Hypothesis: We hypothesized that contrast-enhanced MDCT predicts OCT-derived intimal calcification and silent ruptured plaque in coronary sequelae in adults in the long-term follow-up period after KD.

Methods: A cross-sectional study using OCT, coronary angiogram (CAG), and contrast-enhanced MDCT, was performed in patients who were followed-up by CAG for ≥ 15 years after a diagnosis of acute KD with CAL (≥6mm). A normal segment from the KD onset was determined by CAG ≤6m after acute KD; regressed aneurysm was determined by serial CAG. MDCT-derived calcified or non-calcified intima was defined as any discernible structure under the luminal surface with CT density below contrast-enhanced lumen but above the surrounding connective tissue, with or without areas ≥ 130 HU.

Results: A total of 11 KD patients (male: 55%) at 25.3 yo (median) (IQR: 22.7-30.3) with a median interval of 22.6 y (IQR: 19.9-25.8; range 15.5-32.1) after KD were recruited. Coronary segments (n=51) investigated by both OCT and MDCT included 19 regressed aneurysms (RAN), 16 persistent aneurysms (PAN) and 8 localized stenoses (LS) as well as 8 normal coronary segments (NS) from KD onset.

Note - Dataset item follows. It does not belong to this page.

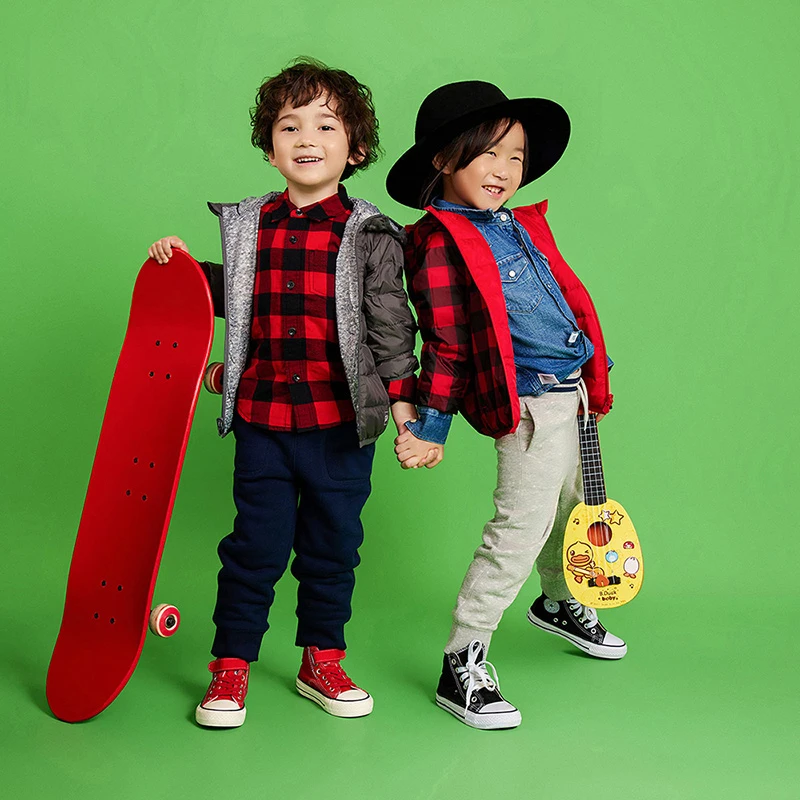 男女童幼童两面穿轻薄羽绒服703935秋季保暖外套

MDCT revealed calcified intima (17) and non-calcified intima (34); OCT findings included calcified intima (n=20) and ruptured plaque (4). MDCT-derived calcified intima predicted OCT-derived calcified intima ; sensitivity 0.75, specificity 0.94, PPV 0.88, NPV 0.85, accuracy 0.86. MDCT-derived calcified intima predicted OCT-derived ruptured plaque; sensitivity 1.0, specificity 0.72, PPV 0.24, NPV 1.0, accuracy 0.75.

Conclusions: The present findings demonstrate that MDCT-derived calcified intima predicts OCT-derived intimal calcification and silent ruptured plaque in coronary sequelae in adults long after KD.